Unfortunately none of this information has translated into the government changing the dietary guidelines, which means that many people are still buying into the low-fat dogma. With many researchers and scientists having made their careers out of the low fat paradigm, it is unsurprising perhaps that they are willing now to admit the huge error that has wrecked public health. A news story one week touting the merits of fat often misses the mark by still demonising saturated fats and promoting plant-based products, and is often followed by another news story telling us that fats are still responsible for heart disease and that raised cholesterol will kill you. No wonder everyone is confused! If you would like to learn more about the dietary guidelines and how you can help to bring about change, visit the Public Health Collaboration website and become part of a campaign for better health.

So what can you do to improve your health and conquer the outdated fear of fat?

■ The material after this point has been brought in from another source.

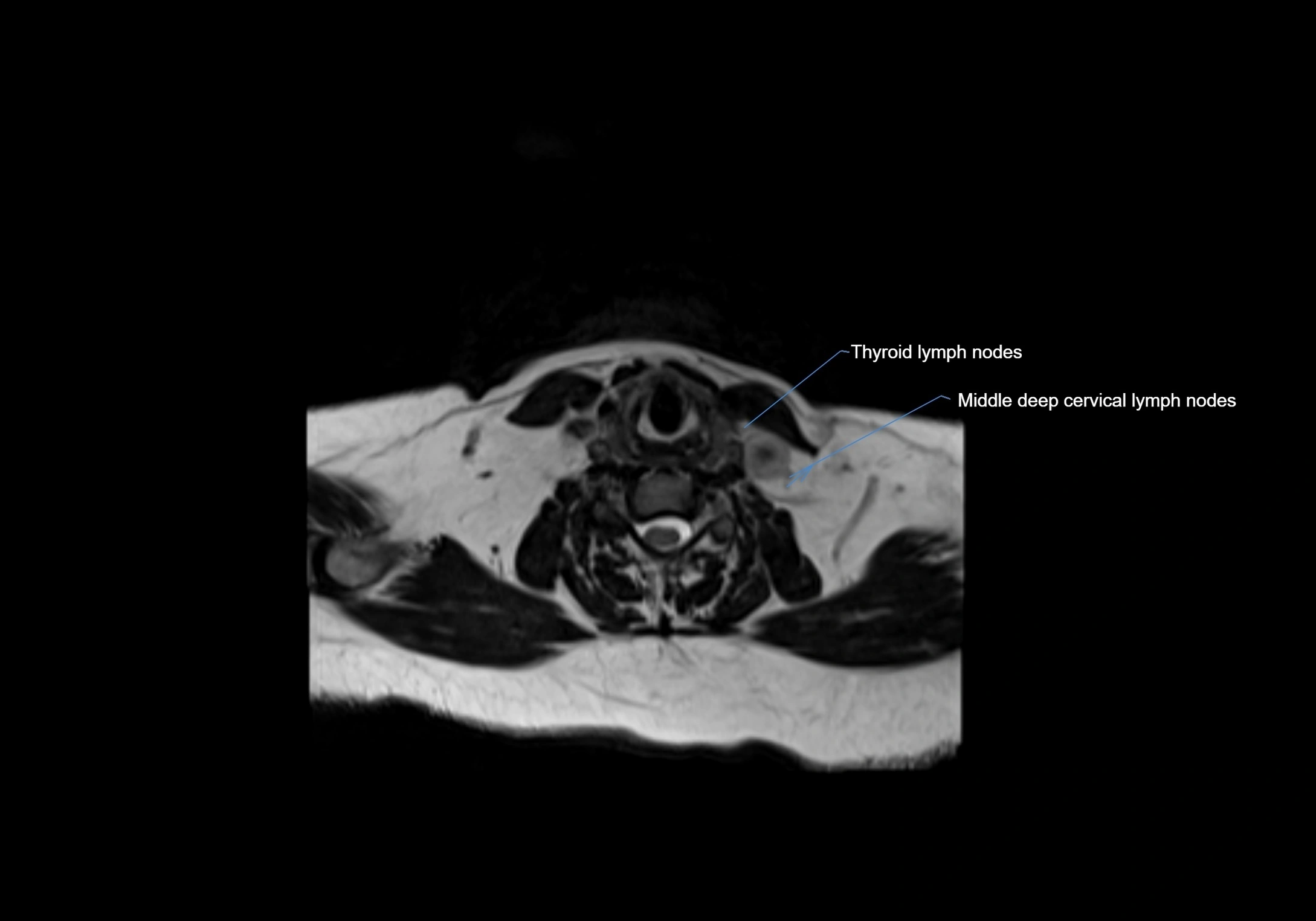 Neck axial  lymph node cross sectional MRI anatomy 3T MRI  image-img-00001-00070.webp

  • Include foods that are naturally fatty – fatty meats, fatty fish, full fat dairy, etc… as part of every meal to make sure you are getting adequate amounts.
  • Cook with stable fats such as tallow, lard, butter and suet.
  • Stop cutting the fat off your meat.
  • Eat the chicken with the skin on.
  • Remember to reduce your carbohydrate intake in line with your increase in fats.

Not only will you reap the benefits that these foods will nourish your body with – you will also enjoy the mouth-watering deliciousness they have to offer!